For the purpose of the media drive, Tata let us loose in two types of Nexons: one with a new 1.5-litre four-cylinder diesel, and the other with a 1.2-litre three-cylinder petrol. For now, there’s no option of an AMT-equipped Nexon, so both engine options come paired with a six-speed manual gearbox.
The diesel is much easier to live with. It makes 108 bhp and is a very smooth engine for the most part. It tends to get a bit gruff near the end of the rev range, but it would be silly to push the diesel engine that far anyway. What I really liked about the Nexon’s new diesel engine is that it’s tractable and compliant. It doesn’t make a fuss. It wants to learn about the terrain you’re driving on and is eager to provide you with whatever you need to drive with ease. Let me be clear: it is by no means quick, but at the same time it’s no laggard, either. The diesel makes for a pleasant drive, and the refinement levels are commendable, too. The 26.5 kgm is ample for a car like this, and it shows in the way it, well, goes.

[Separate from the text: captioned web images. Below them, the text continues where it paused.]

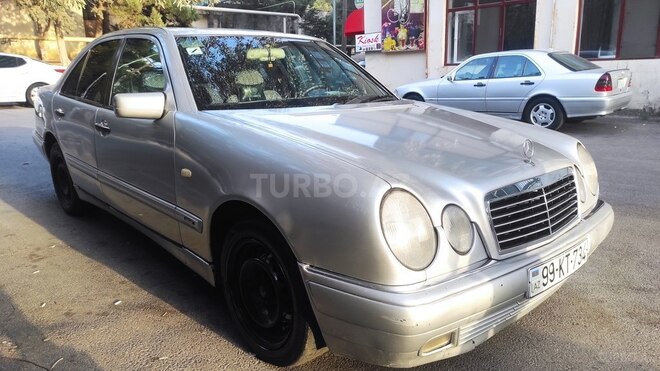 Mercedes E 250 1996, 352,800 km - 2.5 l - Bakı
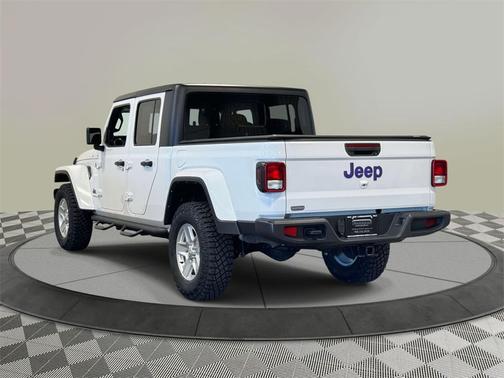 2022 Jeep Gladiator Sport S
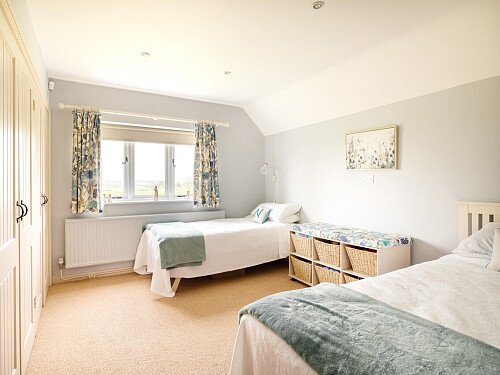 Lower House   - Filming Locations Locations Direct -060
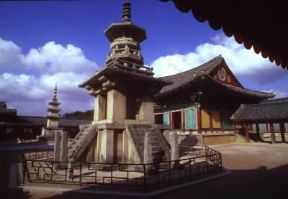 Corea. Resti del tempio in pietra a Pulguk-sa.De Agostini Picture Library / G. Wright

Could it be better? Yes, possibly. The diesel Nexon’s 1305 kg kerb weight doesn’t allow it to be as sprightly as it can and should be, and you get a sense that the diesel could do with a bit more punch. In terms of the driving modes, the three (Eco, City, and Sport) supposedly have their own power and torque maps, but I could only tell a sizeable difference between City and Sport. Quite obviously, Sport is the most comfortable to be in if you’re driving along on a winding road in a bit of a hurry much like I was. That said, on my way back to the hotel, I switched it to City mode and Eco mode for a while each, and they’re both quite useful in conditions where there’s a bit of a traffic jam on the roads. The controls are slightly more numbed, but it makes the drive that much easier when the pace is dropped to a minimum. But where the Nexon diesel shines is when you’re cruising, and this is where the sixth cog comes in handy. The Nexon diesel feels like it can hold 100 kph all day in sixth gear. Noise, vibrations and harshness are also kept to a minimum at this speed, thereby ensuring that the occupants are comfortable, too. What could have been slightly better is the shift quality, because you do tend to fumble around with the gear slots every once in a while.
As for the petrol engine, well, it doesn’t fare as well. It feels lethargic at the bottom of the rev range, and it only begins to come alive when you strangle it to the rev limiter. It makes 108 bhp and 14.2 kgm, which don’t sound like bad figures at all, but it leaves a lot to be desired on the move.
As for the ride and handling, there’s very little to complain. Tata’s set the suspension up just right so that there’s just the required amount of firmness, and the chunky tyres help in going over pretty much everything in sight.
Overall, then, I’d say it’s a heck of an effort from Tata. 4
It stands out, it’s been built quite well, the diesel engine’s a good all-rounder, and with the promise of an AMT-equipped Nexon in the future, things can only look up for Tata. I don’t mean to jump the gun here, but the Nexon could well be Tata’s turning point. About time as well.
The introductory prices for the Nexon start at Rs 5.85 lakh for the petrol engined version, and Rs 6.85 lakh for the diesel.